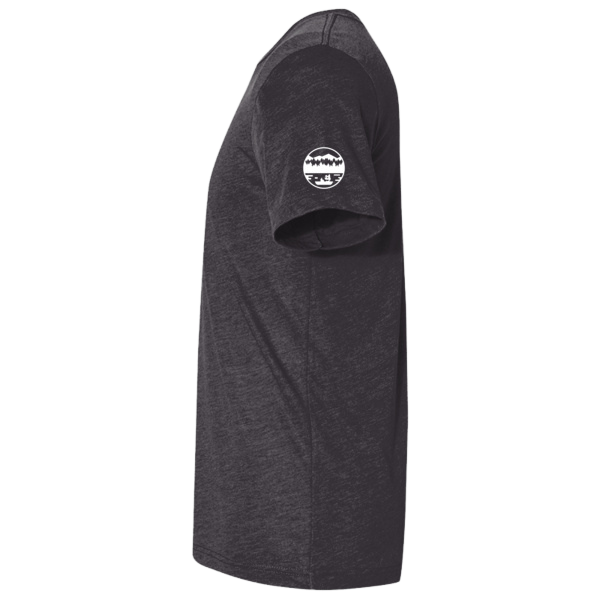 AFAB Shirt Bella Canvas Heather Black Tri-Blend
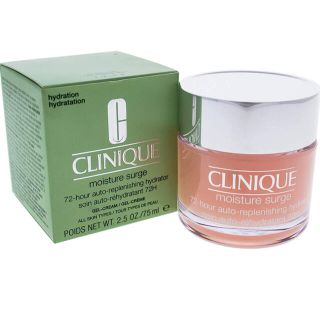 クリニーク(CLINIQUE)の新品❤️ クリニーク モイスチャーサージ 72 ハイドレーター 75ml (フェイスクリーム)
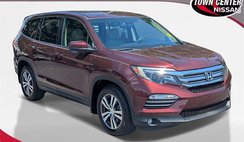 2018 Honda Pilot EX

- **Directions**
Please reproduce only the lines from the one holding "クリニーク(CLINIQUE)の新品❤️ クリニーク モイスチャーサージ" through the final line of the listing above, both included, with each picture left out.

- **Exercise response**
 クリニーク(CLINIQUE)の新品❤️ クリニーク モイスチャーサージ 72 ハイドレーター 75ml (フェイスクリーム)
 2018 Honda Pilot EX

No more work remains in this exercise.